--- Recorded data ---
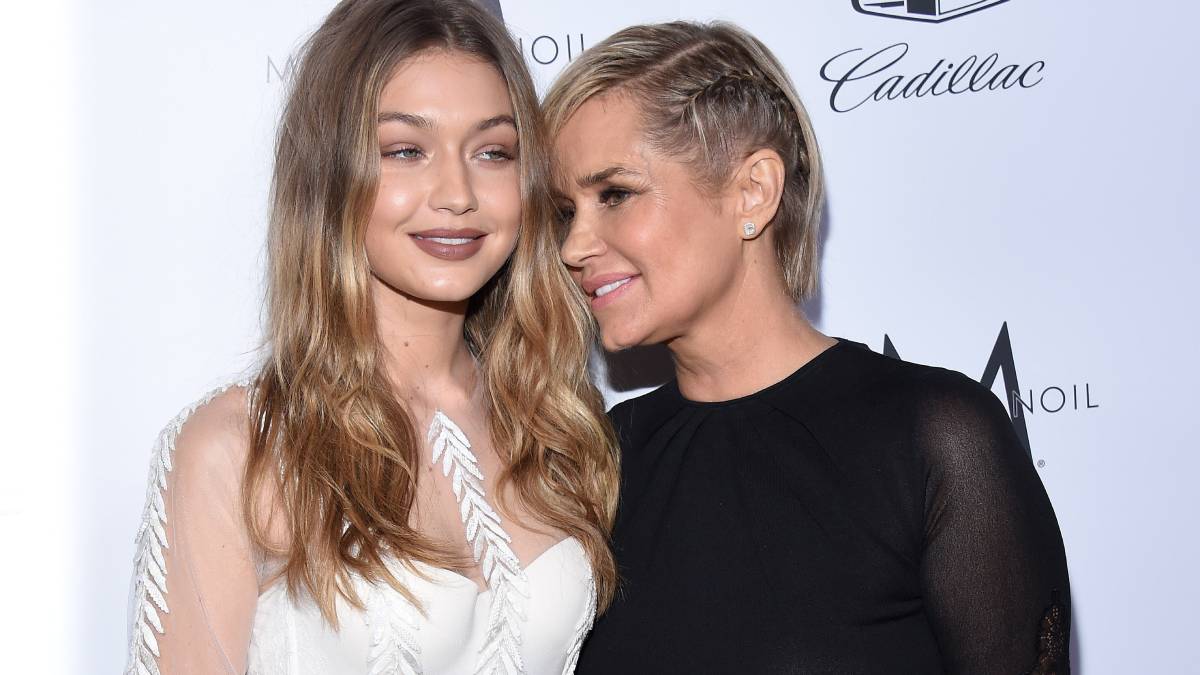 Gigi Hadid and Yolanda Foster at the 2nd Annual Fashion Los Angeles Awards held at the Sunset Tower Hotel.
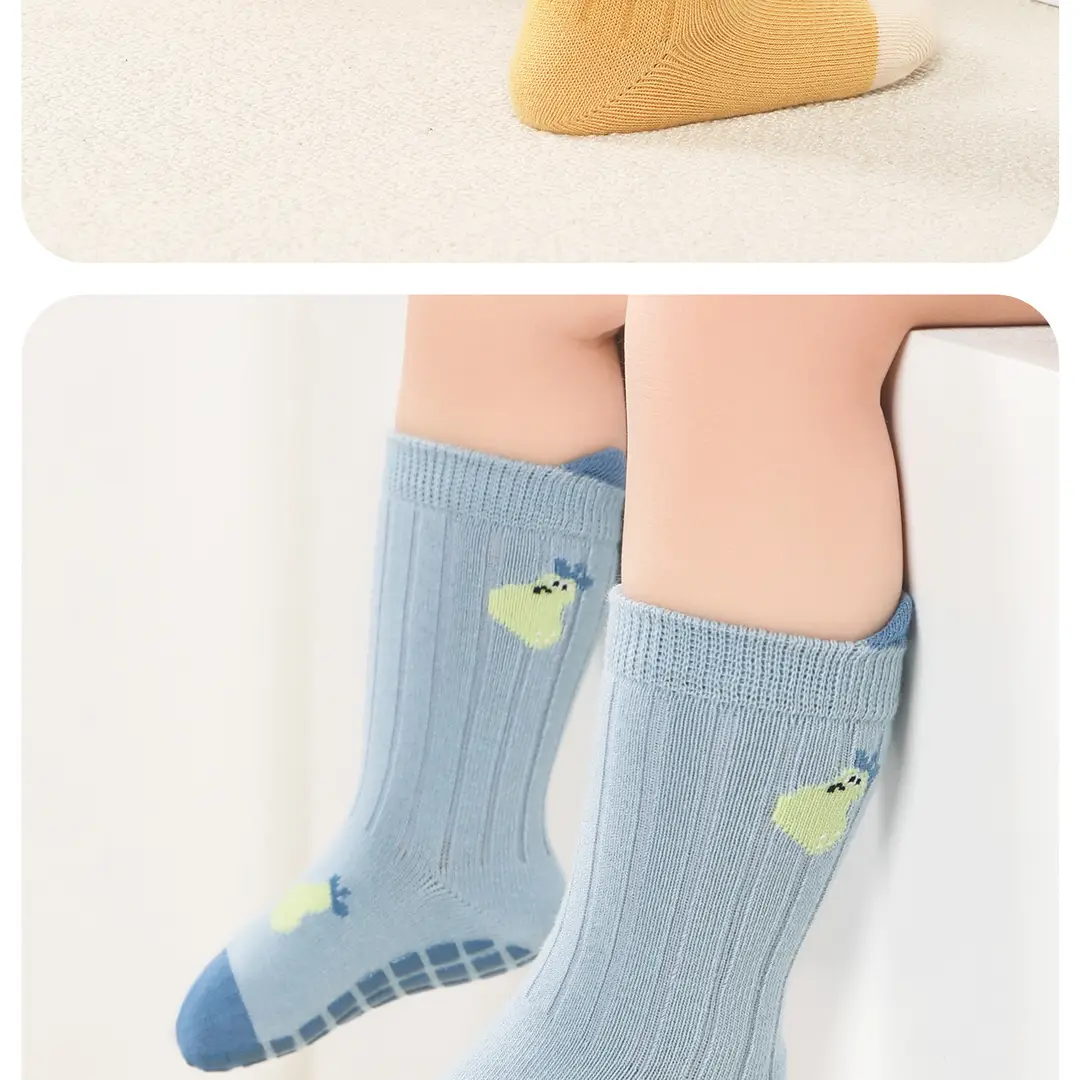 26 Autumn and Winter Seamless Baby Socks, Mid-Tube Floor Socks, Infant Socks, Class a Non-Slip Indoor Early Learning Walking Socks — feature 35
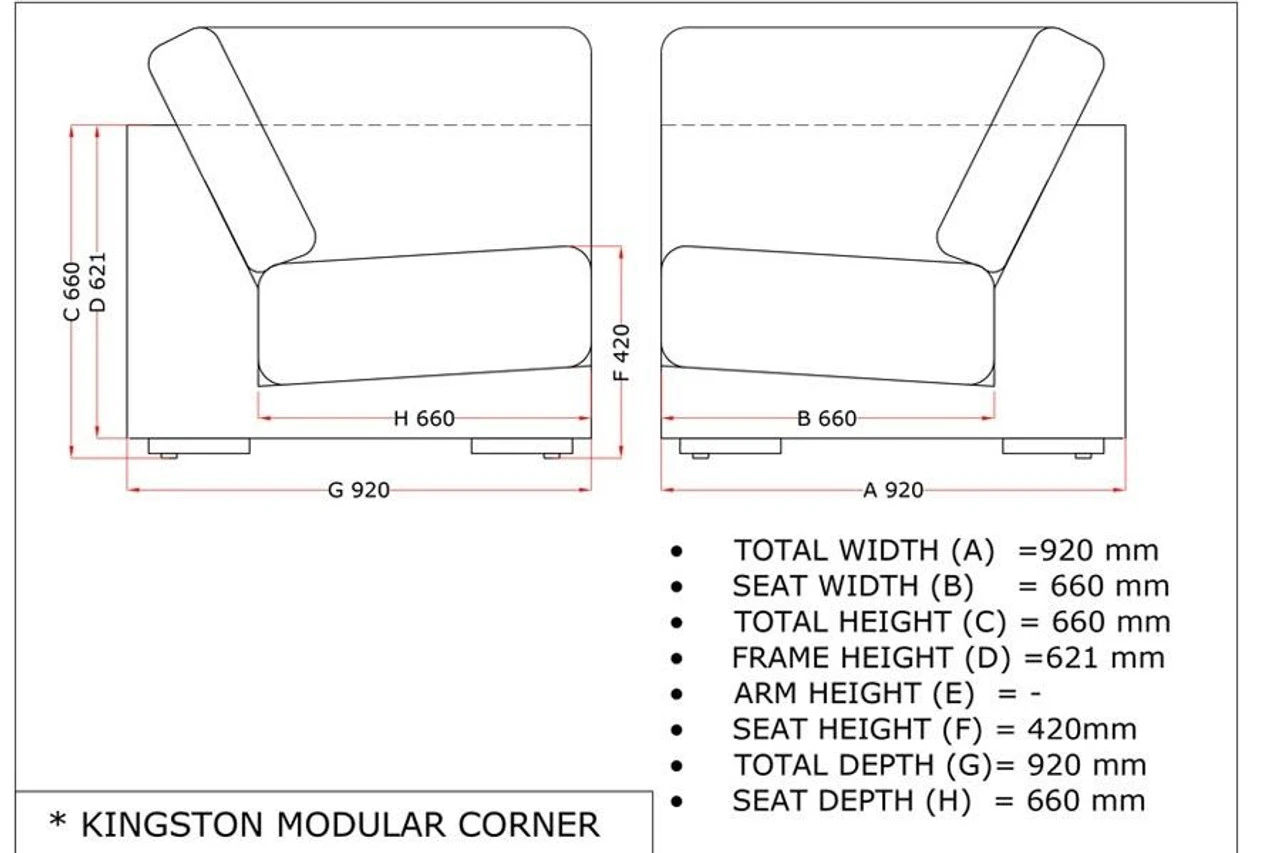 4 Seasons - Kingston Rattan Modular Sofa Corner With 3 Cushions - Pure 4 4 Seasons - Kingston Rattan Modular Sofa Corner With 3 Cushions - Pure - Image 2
---
• _Work request_
In the listing, find the line containing "26 Autumn and" and repeat it and every later line through the last one, word for word, excluding the pictures.

• _Solution to this problem_
 26 Autumn and Winter Seamless Baby Socks, Mid-Tube Floor Socks, Infant Socks, Class a Non-Slip Indoor Early Learning Walking Socks — feature 35
 4 Seasons - Kingston Rattan Modular Sofa Corner With 3 Cushions - Pure 4 4 Seasons - Kingston Rattan Modular Sofa Corner With 3 Cushions - Pure - Image 2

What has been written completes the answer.